The Illumination by Kevin Brockmeier |
What if your pain and your wounds were visible to all as light and theirs to you? Shimmering, shining, sparking, coruscating, the cuts, bruises, fear, tension, disease and trauma are blazoned upon the skin for all to see.
What if our pain was the most beautiful thing about us? From best-selling and award-winning author Kevin Brockmeier: a new novel of stunning artistry and imagination about the wounds we bear and the light that radiates from us all.
At 8:17 on a Friday night, the Illumination commences. Every wound begins to shine, every bruise to glow and shimmer. And in the aftermath of a fatal car accident, a private journal of love notes, written by a husband to his wife, passes into the keeping of a hospital patient and from there through the hands of five other suffering people, touching each of them uniquely.
I love the soft blue veins on your wrist. I love your lopsided smile. I love watching TV and shelling sunflower seeds with you.
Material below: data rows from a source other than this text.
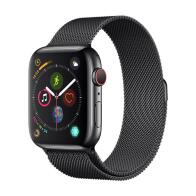 Λουράκι Devia Milanese Loop Apple Watch 4/ 5/ 6/ 7/ SE (42mm/ 44mm/ 45mm) Elegant Series Μαύρο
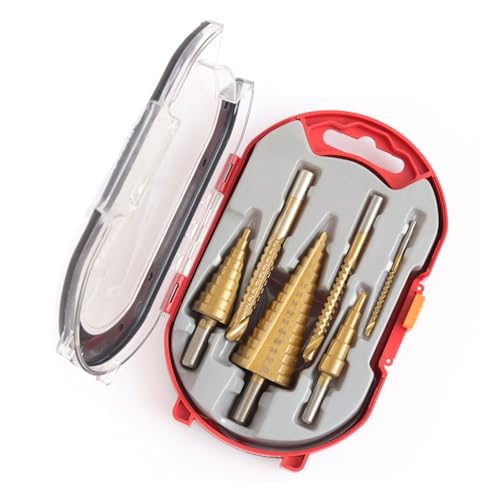 Lochsägen-Sets, 6-teiliger Stufenbohrer-Satz, Sägebohrer, Fräser, 4-12, 4-20, 4-32 Mm, 3, 6, 8 Mm, For Die Holzbearbeitung, Metallkernlochöffner(ME18K) von AIRYSSFU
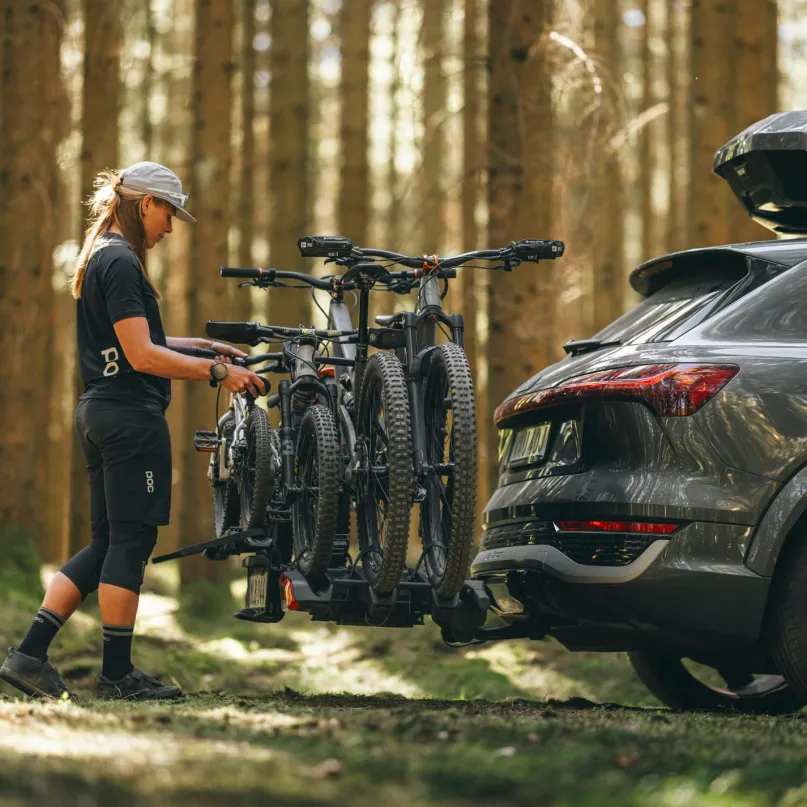 EasyFold 3 Fahrradträger Anhängerkupplung für 3 Räder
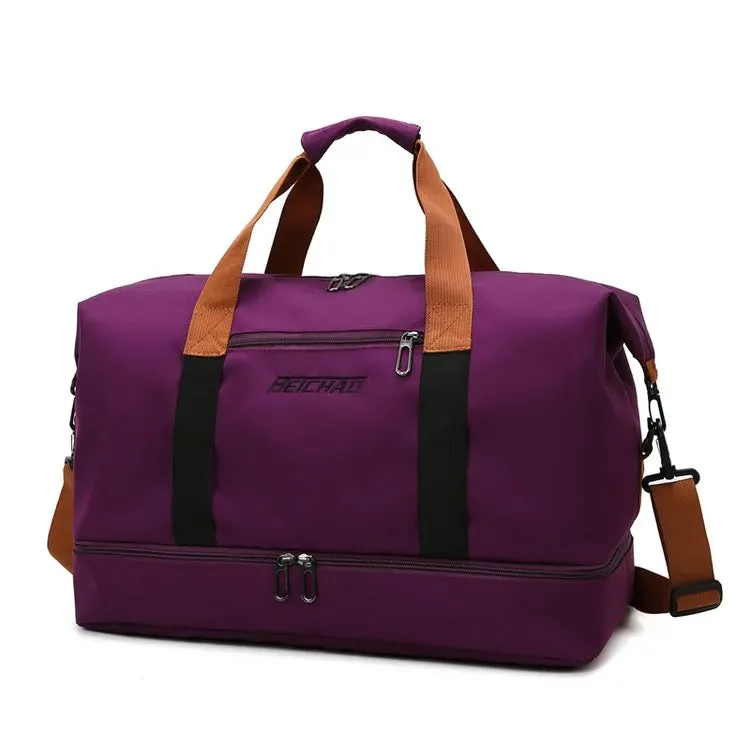 Adventure Awaits: Durable Travel Duffle with Wet/Dry Compartment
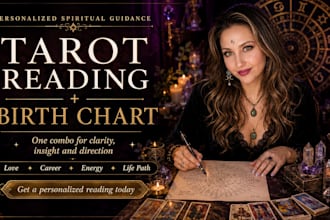 do a personalized tarot and birth chart reading combo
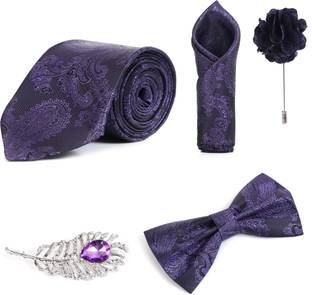 RANDOM STRIPE Alloy Cufflink & Tie Pin Set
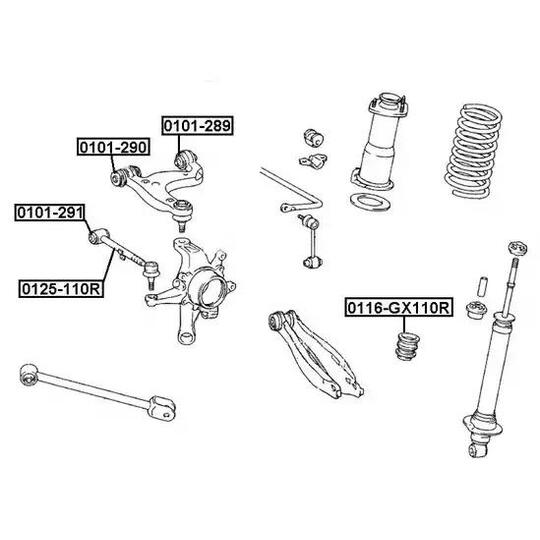 0125-110 - Track Control Arm 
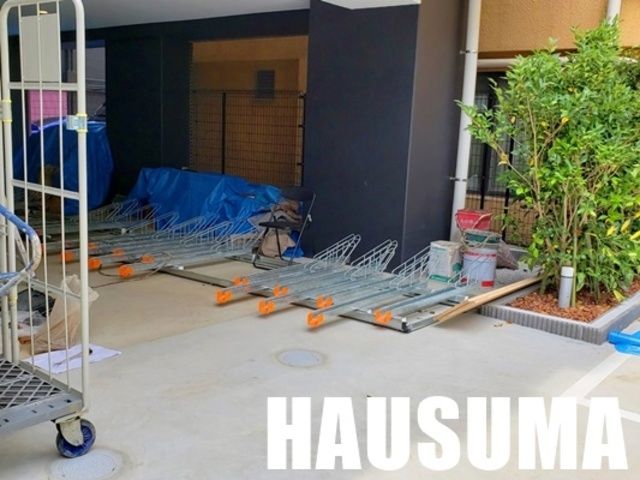 駐車場　駐輪場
The six recipients—a data analyst, a photojournalist, a schoolchild, a missionary, a writer, and a street vendor—inhabit an acutely observed, beautifully familiar yet particularly strange universe, as only Kevin Brockmeier could imagine it: a world in which human pain is expressed as illumination, so that one’s wounds glitter, fluoresce, and blaze with light. As we follow the journey of the book from stranger to stranger, we come to understand how intricately and brilliantly they are connected, in all their human injury and experience.
Reading Like a Writer by Francine Prose |
From the cover flap:
Long before there were creative-writing workshops and degrees, how did aspiring writers learn to write? By reading the work of their predecessors and contemporaries, says Francine Prose.
In Reading Like a Writer, Prose invites you to sit by her side and take a guided tour of the tools and the tricks of the masters. She reads the work of the very best writers—Dostoyevsky, Flaubert, Kafka, Austen, Dickens, Woolf, Chekhov—and discovers why their work has endured. She takes pleasure in the long and magnificent sentences of Philip Roth and the breathtaking paragraphs of Isaac Babel; she is deeply moved by the brilliant characterization in George Eliot's Middlemarch. She looks to John Le CarrĂ© for a lesson in how to advance plot through dialogue, to Flannery O'Connor for the cunning use of the telling detail, and to James Joyce and Katherine Mansfield for clever examples of how to employ gesture to create character. She cautions readers to slow down and pay attention to words, the raw material out of which literature is crafted.
Written with passion, humor, and wisdom, Reading Like a Writer will inspire readers to return to literature with a fresh eye and an eager heart.
1 tell me a story:
Speak was a really compelling, fast read. Definitely not an easy book to deal with emotionally, though.